I had a nice respite last weekend, too. Decided to take a day trip to Incheon, inspiring a lot of puzzlement from anyone I told. Incheon's a port city, replete with cranes, smokestacks, and an industrial aura that make it potentially off-putting at first glance. Second glance, too--after checking out its impressive but not lovable Chinatown, and mingling with the masses at Jayu Park (home of the General MacArthur statue commemorating the American's liberation of Seoul--the first time--during the Korean War), I was in a veni-vidi-vaminos frame of mind. But I felt obligated to check off the areas mentioned in Lonely Planet so, too cheap to get a cab, I followed the traffic signs on foot out to Wolmido, a recreation-oriented peninsula that's the uvula in the throat of the port.

There was almost nobody around, and I had shipyards on one side and their administrative buildings on the other. And it felt great. I realized that what I've been needing for weeks is peace. I have a bit of a thing for shipping and its environs anyway, but the really great part was the physical & psychic open space. It was fantastic. When I reached Wolmido proper, Lonely Planet's information was too vague to be of assistance, so I had some blind decisions to make. They mentioned a promenade, and I had velleities toward walking it, but followed instinct instead and wound up in a bastion on top of a hill, nearly alone and with a view over the ships, bridges, and sea. I'd found my happy place.

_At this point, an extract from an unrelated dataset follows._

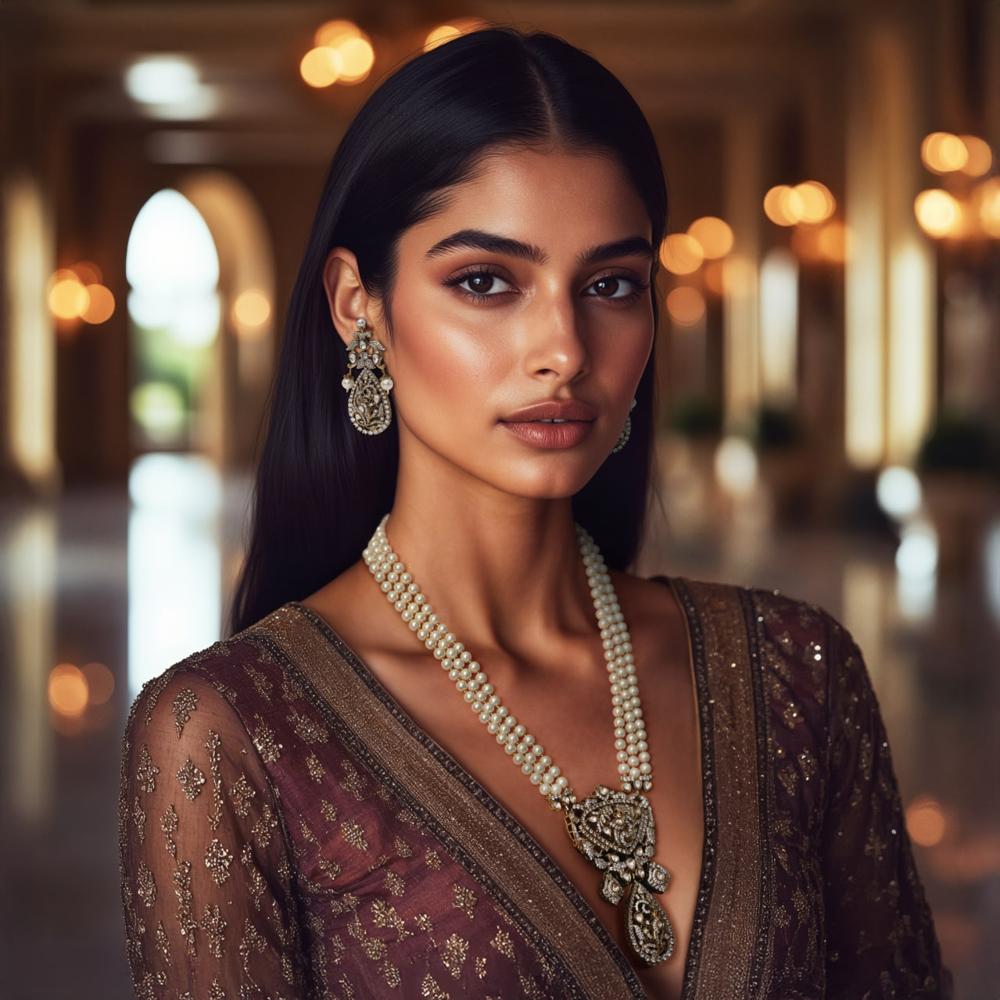 Majestic Victorian Pendant With Regal Dangler - Earrings Type: Dangle Earrings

I could have stayed up there a long while, longer even than I actually did. I wished it was close enough to return to repeatedly, but the journey may be justified by the awesomeness of the place. It probably is less enchanting at the height of summer crowds, but to enjoy the peace and beauty of that spot for $3 in subway fare and 3 hours of reading on the train is, I believe, a fair exchange, and a perfectly good use of a free day.